> EXERCISE OBJECTIVE:
Leave out the images and repeat every entry below exactly.

>>>>

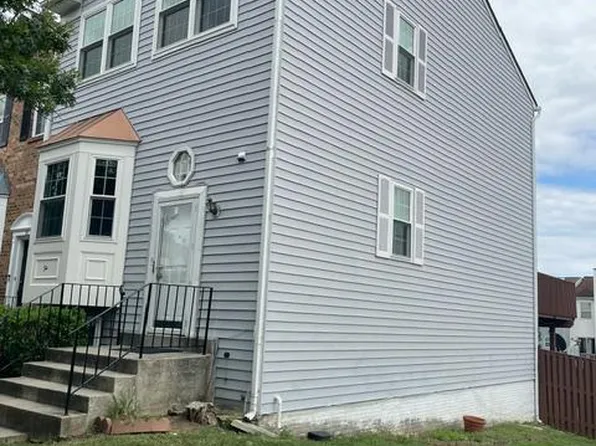 34 Hunters Gate Ct, Silver Spring, MD 20904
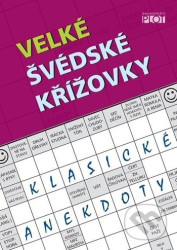 Velké švédské křížovky (Klasické anekdoty)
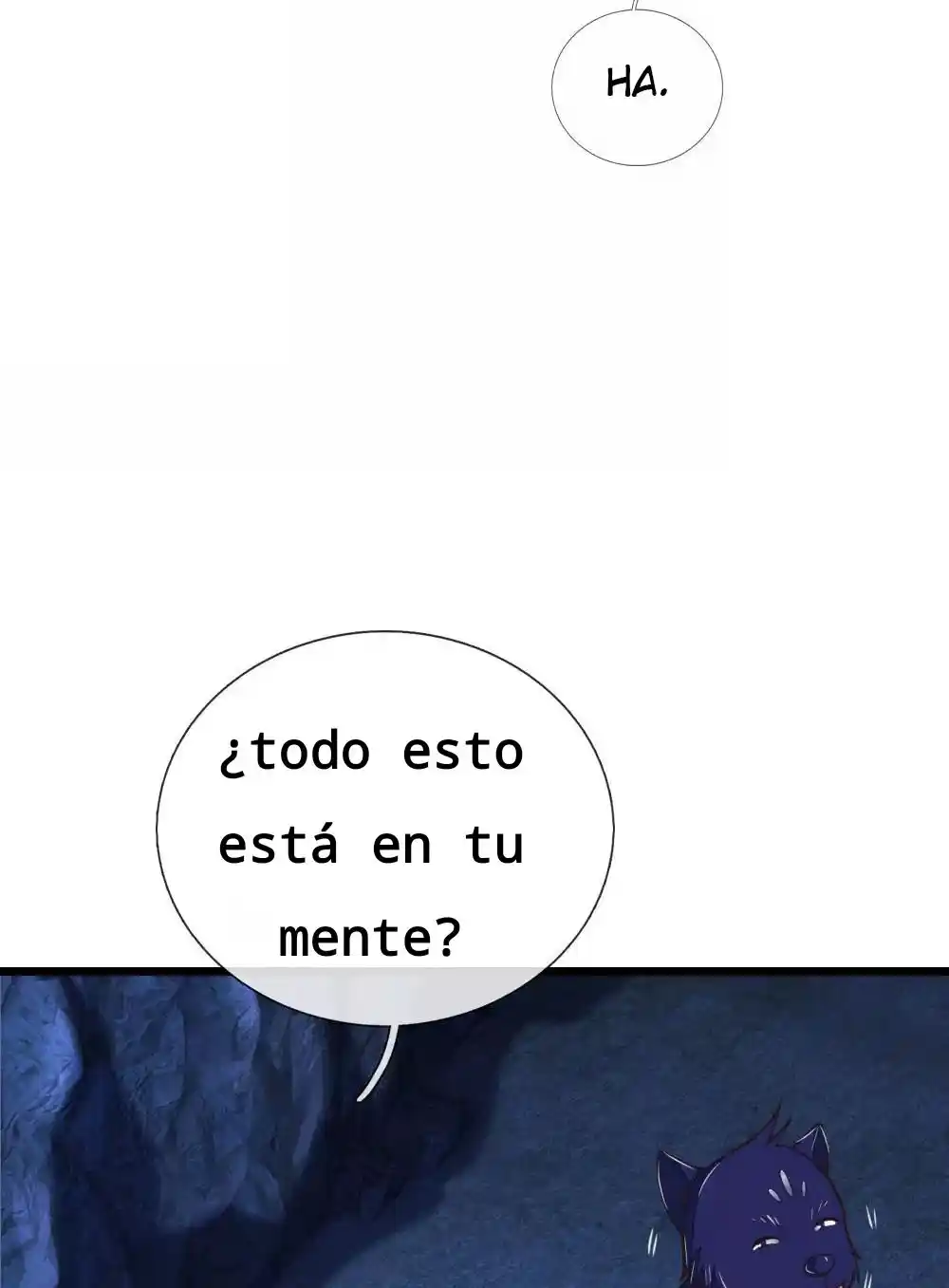 El Renacimiento del Dios Supremo del Físico - Capítulo 120 - Página 5 - LectorTMOo
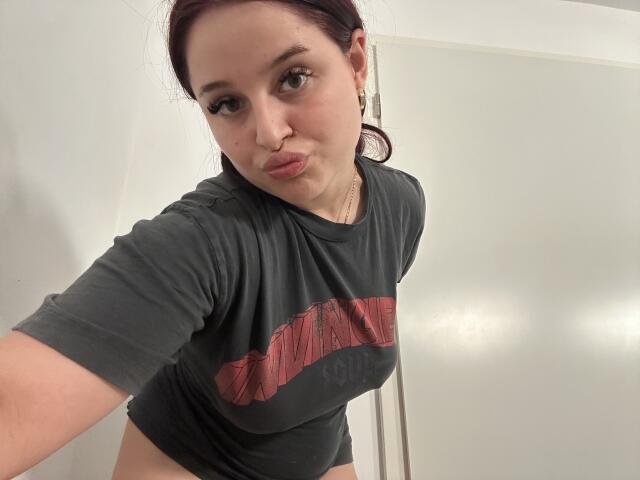 LucieRed - Live porn &amp; sex cam - 29709761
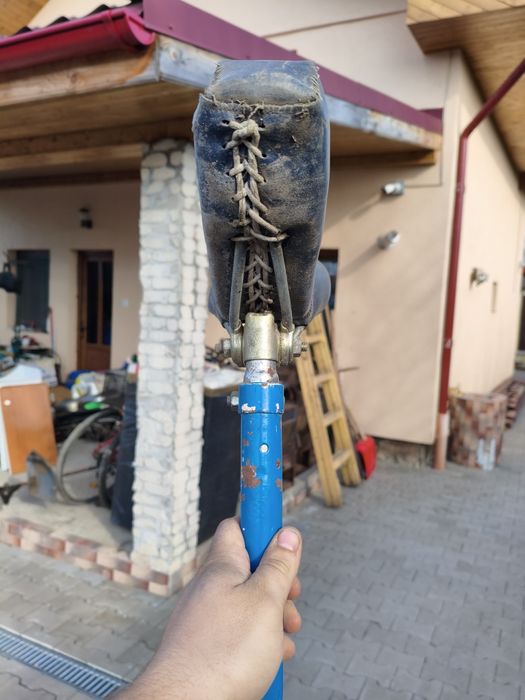 Vand monociclu aprox 2m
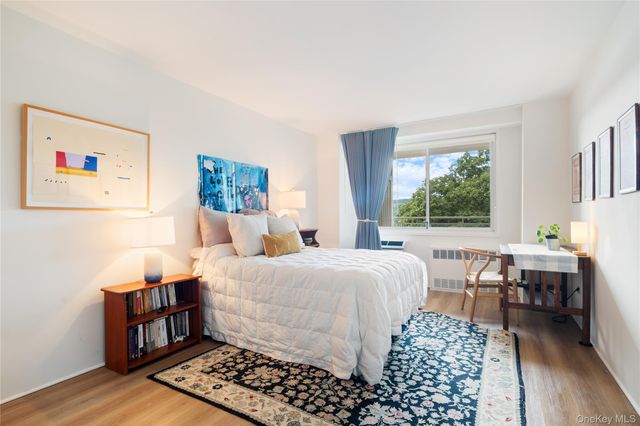 2575 Palisade Avenue 3J, Bronx, NY 10463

<<<<

> FINISHED EXERCISE:
 34 Hunters Gate Ct, Silver Spring, MD 20904
 Velké švédské křížovky (Klasické anekdoty)
 El Renacimiento del Dios Supremo del Físico - Capítulo 120 - Página 5 - LectorTMOo
 LucieRed - Live porn &amp; sex cam - 29709761
 Vand monociclu aprox 2m
 2575 Palisade Avenue 3J, Bronx, NY 10463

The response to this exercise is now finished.